Hi,
I'm happy you have use for my "finger exercise" :)
Just be sure to check the new version - it's much more clear, and reliable! The first version used a lot of ugly "work-arounds" due to quick& lazy coding ...
A few answers:
lewis wrote:... you were not using 'set the htmlText' at all ...
Yup. I wanted to have this usable for any kind of text. And, to be honest, I'd even have to lookup "htmlText" - I don't use this in my work.
I've seen a quirk in my v 0.0.2 already, "Samuel Bjørk" for instance comes as "Samuel Bjørk". So the output needs to be translated from html entities to standard text. Something for the "toDo" list :)
lewis wrote:I should be able to work out how to do the listing as per your method but in a simpler fashion
The new version stores any found chunks in properly named variables before formatting the output in the field. It's planned to create an array of it, for storage & later use. v 0.0.3 will write a table-like file containing all the data regarding the selected author.

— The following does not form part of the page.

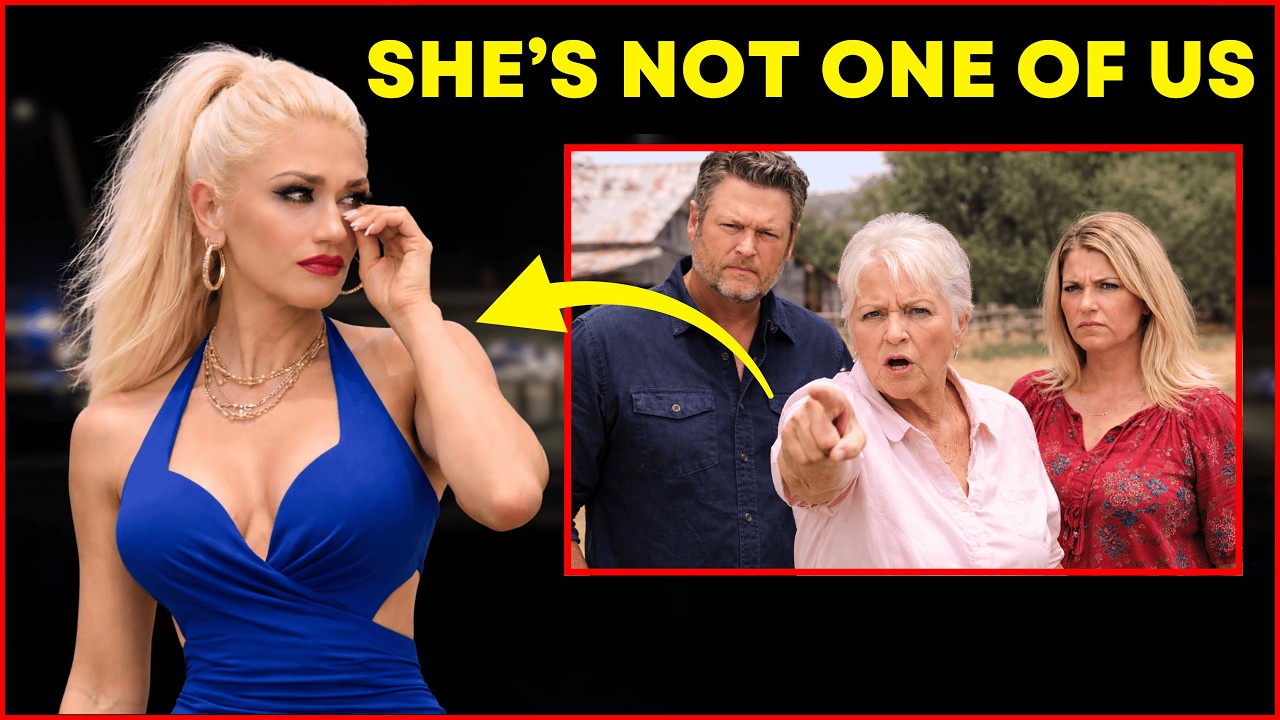 THE RANCH IS FOR FAMILY ONLY: Why BLAKE’S FOREMAN OF 23 YEARS FINALLY BANNED Gwen’s “HOLLYWOOD” ACT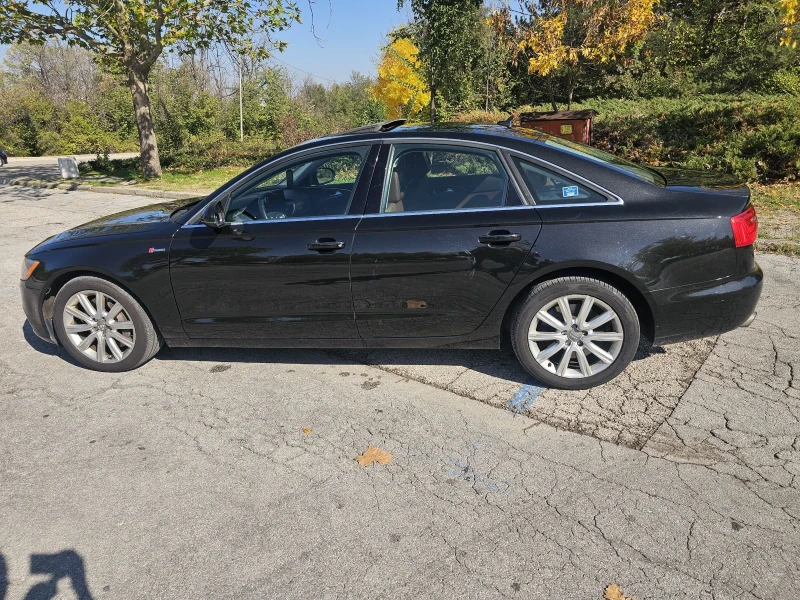 Audi A6 3.0 TFSI Supercharger , снимка 4 - Автомобили и джипове - 53210821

(Actually this script works a lot better with my local epub library, so I'll keep on improving it - after all it's now only the basic structure of the page and the different tags that are different. And with my new version it's quite easy to adapt to this.)
lewis wrote:I noticed though is that your code does not give the numbers [...] nor does it give the publication date
The new version gives the years. And if you want the ordinal numbers, it's a little change in the processGrp function:
Code: Select all
-- Replace this line (line 91 in the "processGrp" function):
get inBeet(myLine,quote & ">","</a>",0) -- get Name
-- with the following:
if char 1 of myLine is a number then -- numbered entry
get 0 & CR & line 2 of (inBeet(myLine,".","<a h",-3)) & line 2 of (inBeet(myLine,quote & ">","</a>",0))
else -- not numbered
get inBeet(myLine,quote & ">","</a>",0)
end if
This uses a quite esoteric side effect of the inBeet() function - it should work at least with 2-digit numbers and small fractional numbers, but I don't really understand it yet, right now ;-)
lewis wrote:I see that you replaced <br/> with 'CR' which I understand is a synonym for 'return'
Should be synonym, right. I use CR because "return" is also used in the function control structure, and it makes it easier to search for "function return lines" when I don't have to mess with "return" as synonym of the line feed constant.
lewis wrote:your function 'processGrp'
Could be a command handler, too. For some strange reason it's a habit of me to write anything using parameters as functions ;-)
Doesn't matter, as I see it both command & function handlers are internally equal, they only differ in the syntax of calling & returning data.
And I make a separate handler of it because it has a different task: The mouseUp handler grabs the data & makes handy portions of it, and the processGrp function just grabs one such portion, and works with it. Much more easy to debug, by the way :)
About the offset stuff & the use of chars:
A strict limitation on chars & offset should compile into very fast assembler code, equal to the use of regular expressions (just not _this_ esotheric), IMHO. This comes at the cost of heavy arithmetic used in the "charsToSkip" parameter and leads to code nearly unreadable & most difficult to maintain (again, just like regexp ;-) ).
So I encapsulated the nasty stuff in a rather simple function for v 0.0.2, and this makes it much more enjoyable.
lewis wrote:I certainly don't expect you to to do any work on the above.
For sure I'll do!
For one, I finally want to be able to filter those of the 23.383 epubs of my town library that are a.) available and b.) of interest for me, without clicking for hours through most poorly made web pages.
And, on the other hand, my "finger exercise" here not only provided fun & satisfaction, it additionally resulted in a fast & robust "inbetween search" function, a benefit for my private library stack. Some of my commercial products are marked already for an implementation. Win - win :)
Have fun!